A proposito delle lotte politiche per
l’università, debbo dire che l’amicizia tra Ortensio e me non è nata in un
caffè o in un salotto mondano, ma nelle aule del Senato. Per dare determinatezza
biografica al mio discorso, ricordo che in alcuni intensi anni della nostra
storia politica Ortensio è stato il Ministro dell’Università mentre io mi
trovavo a far parte della Commissione senatoriale della Pubblica Istruzione. Perciò
lui ed io abbiamo avuto non poche occasioni d’incontro nel vivo di una incisiva
trasformazione dell’istruzione superiore, sui cui problemi confrontavamo, sempre
utilmente, i nostri punti di vista. In Ortensio si coglieva, allora come oggi, quel
senso della vita profondo e insieme concreto, che a molti accademici e ancor
più a molti politici manca.
Ora
qui, alludendosi alla difficile domanda sull’unità della cultura, il termine “cultura”
è ancora una volta entrato in gioco. Ortensio ha rievocato la risposta crociana.
Raramente però si ricorda che il termine deriva dal verbo latino colo, colere, che significa coltivare.

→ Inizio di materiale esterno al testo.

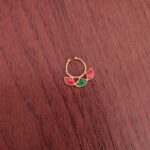 Beautiful Multi Stone Designer Nosepin
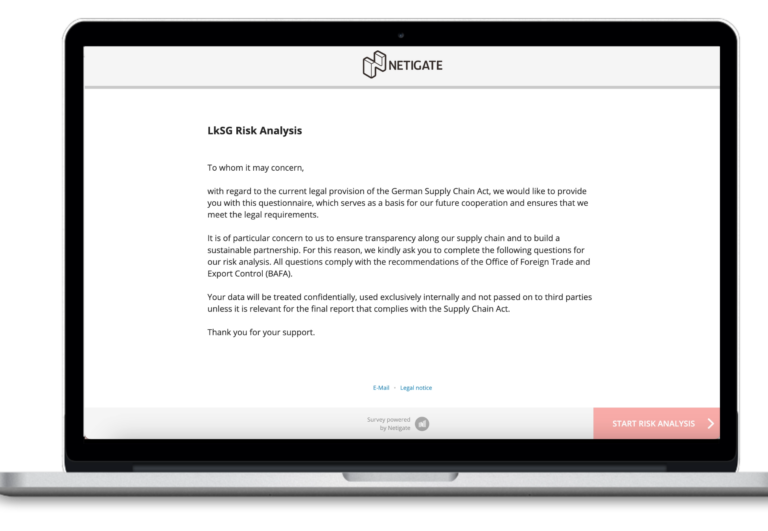 Risk analysis guide and template for the German Supply Chain Act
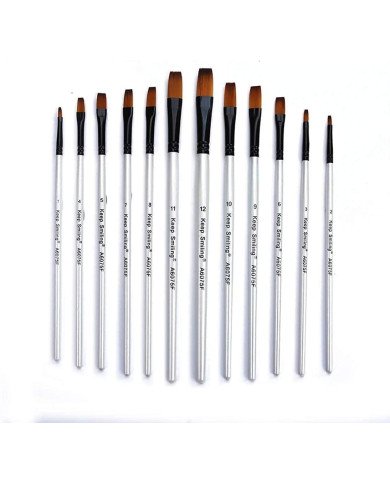 Keep Smiling طقم فرش تلوين مبطط 12 قطعة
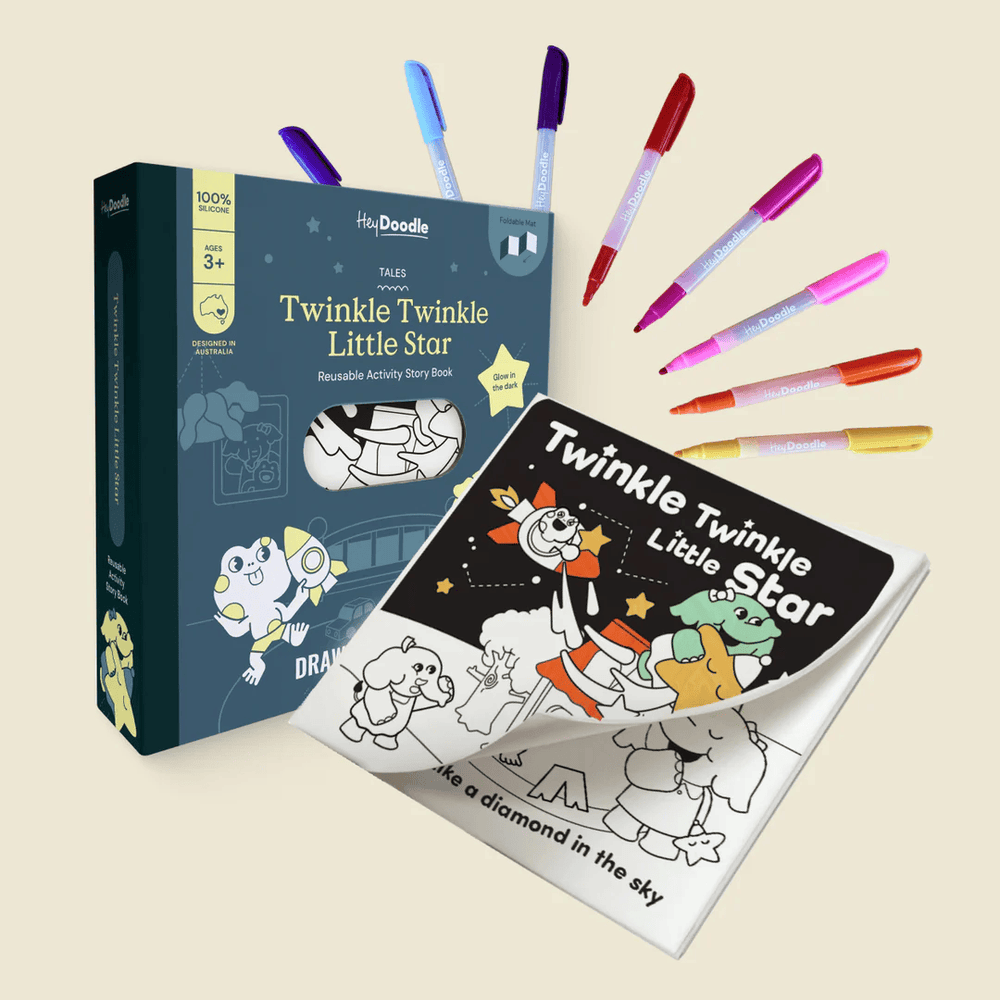 HeyDoodle Twinkle Twinkle Little Star Tales - Reusable Colouring Book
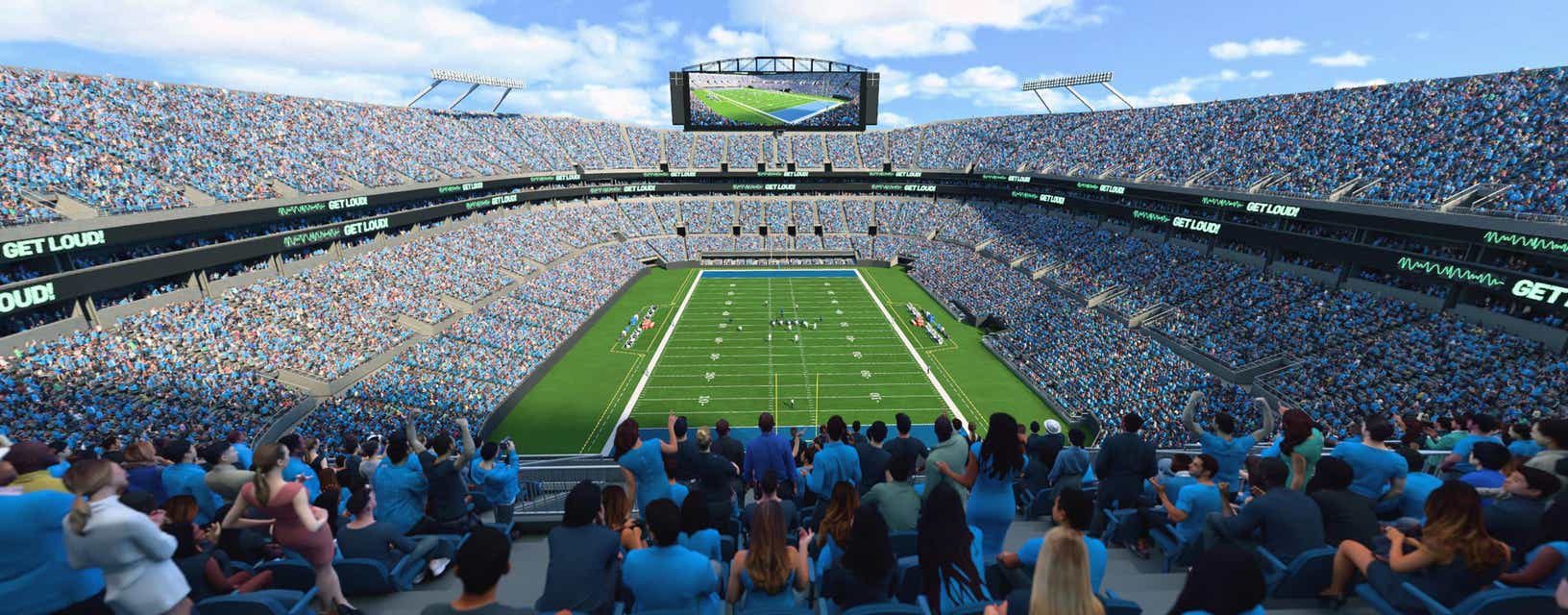 Seat view from Upper End Zone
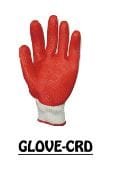 Aiko Red Palm Cotton Glove | Model : GLOVE-CRD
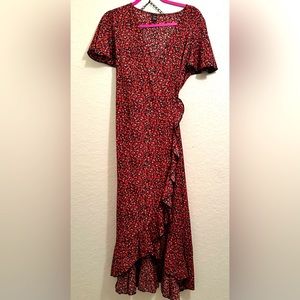 SHEIN flower dress size L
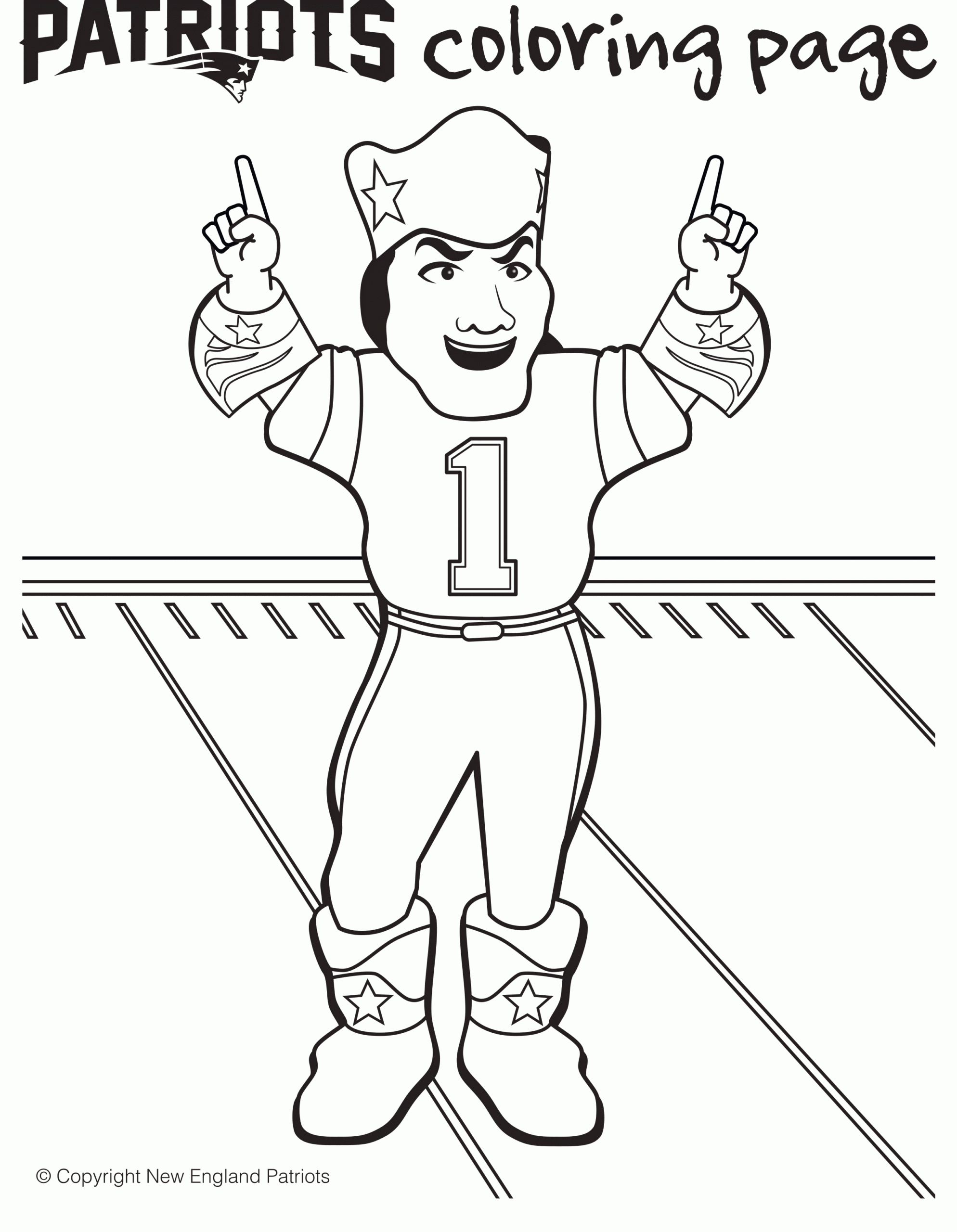 New England Patriots Coloring Page Coloring Home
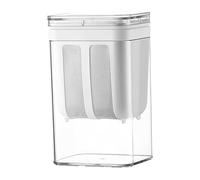 Passoire à yaourt 1100 ml Passoire à fromage sans BPA avec une maille fine et un couvercle Filtre à jus anti-fuite Machine à lait de noix pour faire du yaourt grec épais Lait de soja Passoire à y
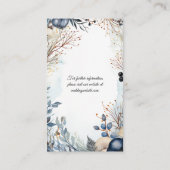 etherisch gevoelig Waterverf sereen gebladerte Informatiekaartje (Achterkant)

Banalmente si dice che gl’insegnanti
coltivano i ragazzi. Ma anche i contadini coltivano: per esempio, cavoli o patate!
In verità “coltivare”, colere, prima
che coltivare significa avere cura, avere a cuore. Il contadino coltiva in
quanto ha a cuore la sua terra, dalla cui fecondità dipende la sua vita. Il
vero insegnante ha a cuore la vita mentale dell’allievo. Essenzialmente, coltivare
è avere cura.
Degl’intellettuali
Ortensio ha criticato la colpevole indifferenza. Essi, per dirla con il celebre
titolo del pamphlet di Julien Benda,
“tradiscono”. Nel loro altisonante parlare, spesso di minuzie e frivolezze, non
sempre si curano della serietà della vita.
Soltanto
l’avere a cuore, che è la cura dell’umanità di ogni uomo, può salvarci tutti. Oggi
invece cresce il disimpegno. Nel nostro tempo ci si agita molto, si scatenano
ostilità, si urlano invettive. Manca la passione della relazione entro cui
gl’individui si riconoscono e cooperano. Ben pochi hanno veramente a cuore la
vita, la quale sempre più viene vissuta come un fugace scorrere d’immagini. La
società è sempre meno presenza del pubblico, sempre più spettacolo pubblicitario.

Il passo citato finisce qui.